No tienen derecho. En el debate de los cientos de miles de jóvenes que abandonan España para buscar un futuro, en la farsa de la mejora de las cifras de desempleo haciendo que los jóvenes salgamos de las cifras, en la dificultad de dejar a nuestra gente, nuestra tierra e idioma para llegar adonde sí puede haber oportunidades; la mayor crueldad, el mayor abuso, está en el convencimiento de que quienes nos están haciendo esto no tienen derecho a hacerlo.

 

Somos las pérdidas renunciables. Los daños colaterales. Somos lo que los grandes gobernantes están dispuestos a sacrificar para continuar con esta farsa. Los excesos de las élites financieras internacionales junto con los de nuestra clase política, los silencios de una transición no transitada, los juegos de una mafia que lo ha abarcado todo, y la especulación, y la falta de coraje para cambiar unas estructuras corrompidas, y la vergüenza; son las causas, insólitas, de que seamos parte de una generación sin futuro.

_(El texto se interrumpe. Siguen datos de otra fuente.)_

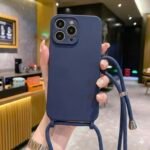 Capa Silicone com Cordão Câmera Fechada - Imagem 3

Perdida, nos dicen. Y asumen que vamos a tener la templanza de pagar nosotros las consecuencias, de ponerlas a nuestras espaldas, de compensar con nuestras vidas el saqueo, la ineptitud y el abuso de sus acciones. Y se equivocan.

 

 

Vamos a recuperar nuestro derecho a elegir, a que se respeten nuestras decisiones. Las de quienes hemos tenido la suerte de tener los medios para irnos a miles de kilómetros de distancia a perseguir nuestros sueños, las de quienes viven encerrados en vidas que no quieren, las de a quienes explotan, las de a quienes utilizan, aprovechándose de nuestra ilusión, nuestra motivación y nuestras ganas de trabajar y luchar por cambiar el mundo a cambio de sueldos de miseria, de precariedad e ingratitud. Las de quienes todavía siguen en esta trampa que es España, que no ofrece trabajo, ni medios para estudiar ni futuro a cientos de miles de jóvenes que nunca especularon, ni llevaron a bancos a la ruina, ni recibieron rescates millonarios. Ni vivieron nunca por encima de sus posibilidades.

 

Yo, que soy un afortunado, que he podido cambiar contento de continente para dedicarme a lo que quiero, denuncio que no he tenido la posibilidad de quedarme en mi tierra, ni en las cercanías de sus fronteras, si quería cumplir mis sueños. Denuncio que no me han dado esa elección. Y es esa imposibilidad de escoger, esa falta de alternativa, la que se esconde detrás de este sistema corrupto que somete a los jóvenes de nuestro país y de muchos otros. Lo que nos han arrebatado es la capacidad de tomar nuestras decisiones, de vivir una vida independiente. Nos han obligado a aceptar cualquier empleo, a trabajar a cualquier precio, a estudiar lo que el mercado laboral dictara, a volver a vivir con nuestros padres: y si hemos podido evitarlo ha sido solo a un altísimo coste, pagado a menudo en miles de kilómetros. Nos han expuesto a mayores índices de pobreza, de exclusión social, a tasas de desempleo imposibles. 

 

Este país ha renunciado a nosotros, y sin embargo nos necesita. Porque las consecuencias de esa renuncia las pagaremos entre todas y todos. Las pagará nuestra sociedad, las pagará este país dentro de veinte años. Tenemos que demostrar que se equivocan. Tenemos que demostrar que no tienen derecho. Estamos ante la oportunidad de recuperar lo que era nuestro, de no tener que irnos nunca más para cumplir nuestros sueños. Conseguirlo pasa solo por una condición: hacer que se vayan ellos.

 

No tienen derecho. En el debate de los cientos de miles de jóvenes que abandonan España para buscar un futuro, en la farsa de la mejora de las cifras de desempleo haciendo que los jóvenes salgamos de las cifras, en la dificultad de dejar a nuestra gente, nuestra tierra e idioma para llegar adonde sí puede haber oportunidades; la mayor crueldad, el mayor abuso, está en el convencimiento de que quienes nos están haciendo esto no tienen derecho a hacerlo.